On top of that mound of ice, probably a hundred or so feet from the bottom and two hundred off shore, I sat there looking out over this incredible sight and, I’ll admit, I pouted a little. I had hoped to reach the edge of this cliff and become broken with some heavy truth or much needed revelation. Anything! Some answer to any of my endless questions but that’s not what I got. Instead, all I could hear was the fragile cracking of the ice below and the soft whisper of the wind free to roam where it pleased. “I’m here God”, I said to myself. “Where are you?”
It was then I realized I had traveled out into this bizarre and breathtaking act of nature and actually wanted more. (Oh, I can be so selfish.) More! I didn’t just want to see God’s power and beauty (which, by the way, is incredible evidence of his presence), I wanted to hear and feel it too! My desire was to be brought to tears of cleansing with some earth shattering awakening bestowed upon me by God! (Again, I am incredibly selfish.) It wasn’t enough to enjoy the massive gift around me.
Quietly, Psalm 23 floated to the front of my mind but only one part…
“I have all that I need…”
Psalm 23:1 (NLT)
Hey conviction! What’s up?
I am in need of nothing. I already have all I need. Amidst the frozen tundra I had all I needed. My Father just wanted to sit with me and dangle His feet over the ice ledge too. No words. Just be with me and i with Him taking in His wonderful creation.

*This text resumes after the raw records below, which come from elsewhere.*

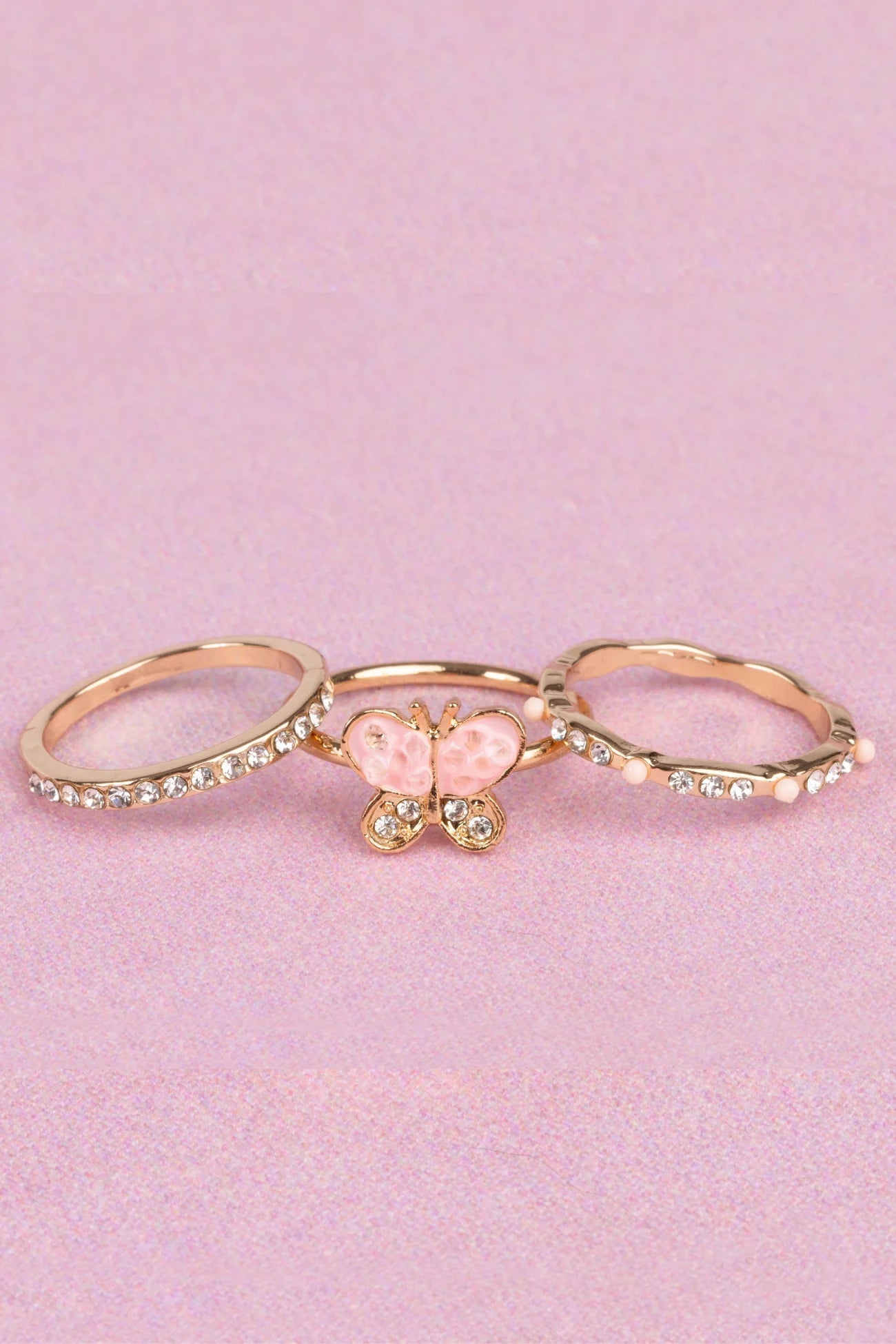 Tomfoolery Toys | Chic Butterfly Garden Rings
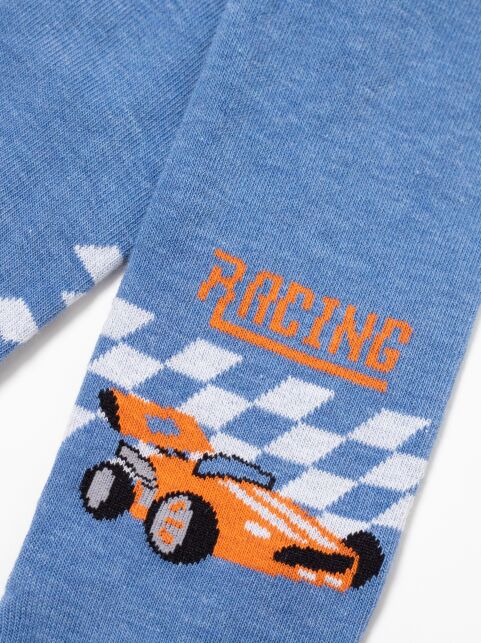 Хлопковые колготки с рисунком “Racing” - купить в интернет-магазине Conte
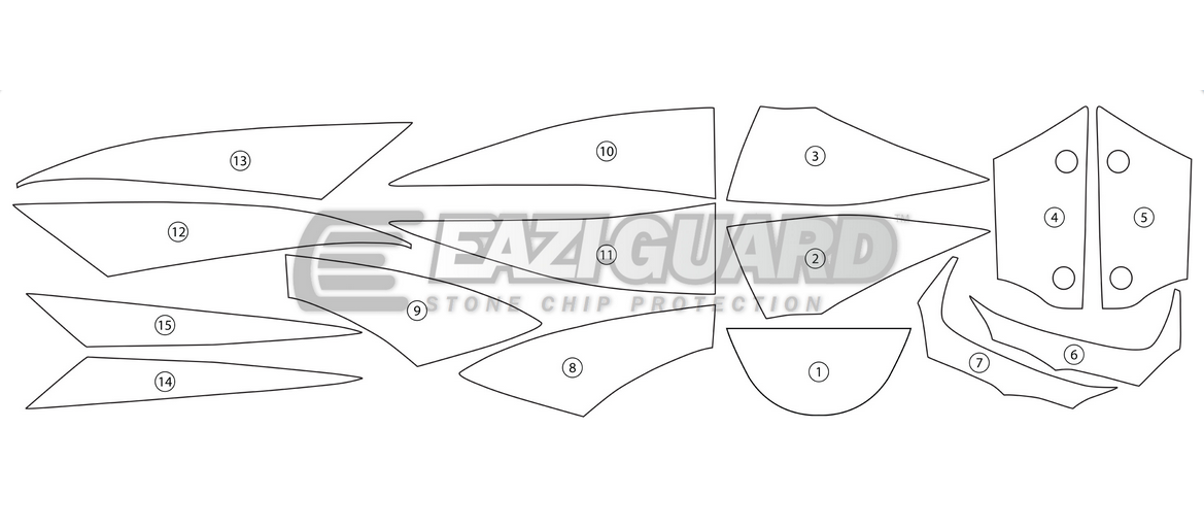 Eazi-Guard Paint Protection Film for Kawasaki Ninja 1000 (2011-2016) GUARDKAW005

Have you ever been so comfortable with someone that you could sit in silence and feel just as comfortable as if you were sitting home alone? That is what God wants with us. He has this great desire for us to get comfortable with each other and truly know one another without the constraint of words or finite human understanding. It’s so intimate and beautiful. It’s simply stunning that the creator of the entire universe wants to sit quietly with me, smiling at my awe and wonder of the world.
I guess I had my revelation after all. It was on my bed at 7:30am in a tiny apartment with no view but God tends to be funny that way. When you go searching for God, wherever that may be, do you go wanting something you already have? Do you really need anything from the One who has already given it all? Are you seeking the Father just to get something from Him, words of revelation or answers, or are you going to be with Him?
I don’t know about you, but I need to spend my time being with God instead of using Him for a grand demonstration of power.